■ Work instruction ■
How many lines in the records below contain the word "black"? Reply with that number only.

[Web page caption snippets]
□ □ □ □ □ □ □

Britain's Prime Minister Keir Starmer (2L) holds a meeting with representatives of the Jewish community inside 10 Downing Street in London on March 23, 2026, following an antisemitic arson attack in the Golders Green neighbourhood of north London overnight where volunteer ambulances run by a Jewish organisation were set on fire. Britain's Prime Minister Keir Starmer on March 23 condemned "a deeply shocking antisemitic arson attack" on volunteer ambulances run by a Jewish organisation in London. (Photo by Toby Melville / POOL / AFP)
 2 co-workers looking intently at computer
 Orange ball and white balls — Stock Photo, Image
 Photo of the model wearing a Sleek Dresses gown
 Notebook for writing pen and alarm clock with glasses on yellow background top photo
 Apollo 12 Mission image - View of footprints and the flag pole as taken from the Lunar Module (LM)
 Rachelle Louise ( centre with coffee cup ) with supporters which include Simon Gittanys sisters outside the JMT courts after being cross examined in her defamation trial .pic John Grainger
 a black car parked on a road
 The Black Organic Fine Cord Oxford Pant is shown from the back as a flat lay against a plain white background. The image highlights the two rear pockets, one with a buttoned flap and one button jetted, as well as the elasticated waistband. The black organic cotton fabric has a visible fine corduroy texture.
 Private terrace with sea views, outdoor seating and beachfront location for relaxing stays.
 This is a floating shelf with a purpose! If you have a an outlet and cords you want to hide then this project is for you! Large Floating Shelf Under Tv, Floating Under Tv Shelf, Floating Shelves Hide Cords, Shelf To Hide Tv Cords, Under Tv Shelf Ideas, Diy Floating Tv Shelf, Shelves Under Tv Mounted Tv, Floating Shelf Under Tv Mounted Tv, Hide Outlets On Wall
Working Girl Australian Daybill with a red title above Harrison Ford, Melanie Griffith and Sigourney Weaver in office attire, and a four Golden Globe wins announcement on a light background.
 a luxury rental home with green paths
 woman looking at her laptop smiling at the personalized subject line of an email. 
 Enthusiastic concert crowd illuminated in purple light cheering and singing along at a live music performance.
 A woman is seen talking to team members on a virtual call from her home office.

□ □ □ □ □ □ □

■ Result for this exercise ■
2